Deep Learning AMI’s (DLAMI)

Deep learning AMIs provide customized machine images preconfigured with deep learning frameworks, NVIDIA CUDA, cuDNN, and Jupyter notebook server for distributed training.

If you’re a researcher who wants to try out a new framework, test a new model, or train new models, then DLAMI and AWS capabilities for scale can alleviate the pain of tedious installations and management of multiple training nodes.

AWS EC2 Pricing

On-Demand Instances let you pay for compute capacity by the hour or second with no long-term commitments. This frees you from the costs and complexities of planning, purchasing, and maintaining hardware and transforms what are commonly large fixed costs into much smaller variable costs.
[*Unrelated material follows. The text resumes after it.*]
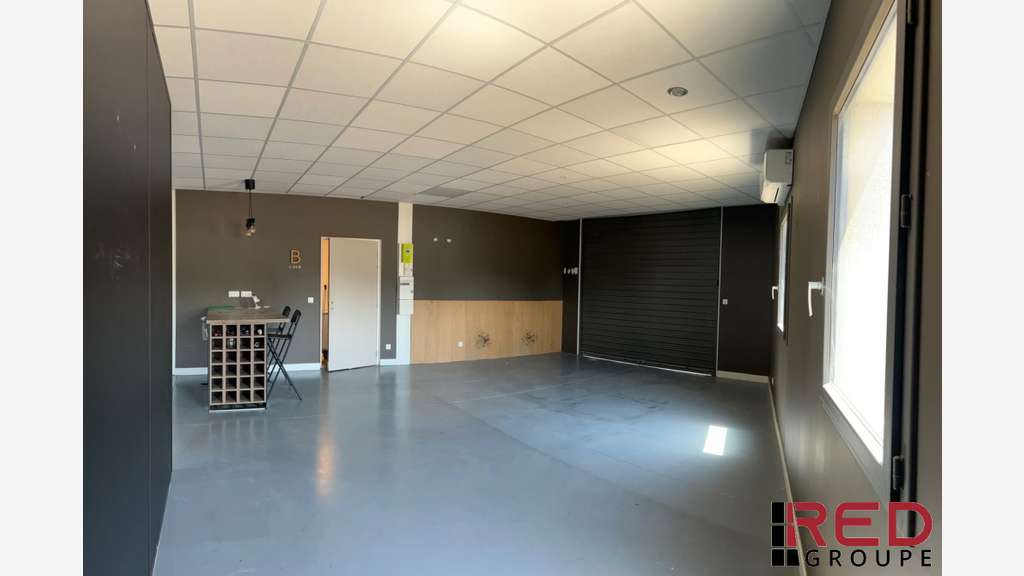 A louer local activité avec cour à Aix Les Milles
Cost effecitive pricing options

Savings Plans is a flexible pricing model that can help you reduce your bill by up to 72% compared to On-Demand prices, in exchange for a commitment to a consistent amount of usage (measured in $/hour) for a 1- or 3-year term.
Amazon EC2 Spot Instances let you take advantage of unused EC2 capacity in the AWS cloud and are available at a discount of up to 90% compared to On-Demand prices.
Amazon EC2 Auto Scaling allows you to automatically scale your Amazon EC2 capacity up or down according to conditions you define. You can use the dynamic and predictive scaling policies within EC2 Auto Scaling to add or remove EC2 instances. Predictive scaling uses machine learning to proactively allocate instances based on anticipated demand, and dynamic scaling allows you to scale compute based on defined metrics. With EC2 Auto Scaling, you can ensure that the number of Amazon EC2 instances you’re using scales up seamlessly during demand spikes to maintain performance, and scales down automatically during demand lulls to minimize costs.

For AI / ML workloads

With Amazon EC2 Capacity Blocks for ML, you can easily reserve GPU instances for a future date to run your machine learning (ML) workloads. You pay only for the amount of compute time that you need, with no long-term commitment.

For more details visit Amazon EC2 pricing

Summary

Amazon EC2 provides a wide selection of instance types optimized to fit different use cases. Instance types comprise varying combinations of CPU, memory, storage, and networking capacity and give you the flexibility to choose the appropriate mix of resources for your applications. Each instance type includes one or more instance sizes, allowing you to scale your resources to the requirements of your target workload.

Amazon EC2 provides secure, resizable compute in the cloud, offering a broad choice of processor, storage, networking, OS, and purchase models.

EC2 per-second billing removes the cost of unused minutes and seconds from your bill. Focus on improving your applications instead of maximizing hourly usage, especially for instances running over irregular time periods such as dev/testing, data processing, analytics, batch processing, and gaming applications.

Combining AWS AI specific instances with the Red Hat AI Platform can provide customers with the rapidly provisioned, instantly scalable infrastructure to support the most demanding workloads.